:: Assigned task ::
Find the line containing "Vatel 4* Superior 酒店 Martigny". Retype it and every line after it through the end of the entries, exactly as written, with nothing added.

[[ Dataset extract open ]]

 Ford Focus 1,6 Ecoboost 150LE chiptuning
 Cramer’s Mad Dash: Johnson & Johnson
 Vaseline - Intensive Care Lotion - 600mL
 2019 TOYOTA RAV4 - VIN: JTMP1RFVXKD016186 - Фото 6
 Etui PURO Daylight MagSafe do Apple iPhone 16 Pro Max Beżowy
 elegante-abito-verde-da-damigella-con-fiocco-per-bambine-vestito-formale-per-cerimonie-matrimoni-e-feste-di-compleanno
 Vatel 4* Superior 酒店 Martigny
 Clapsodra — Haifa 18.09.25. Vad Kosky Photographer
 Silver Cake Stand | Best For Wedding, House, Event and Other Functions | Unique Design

[[ Dataset extract closed ]]

:: Reply to the task ::
 Vatel 4* Superior 酒店 Martigny
 Clapsodra — Haifa 18.09.25. Vad Kosky Photographer
 Silver Cake Stand | Best For Wedding, House, Event and Other Functions | Unique Design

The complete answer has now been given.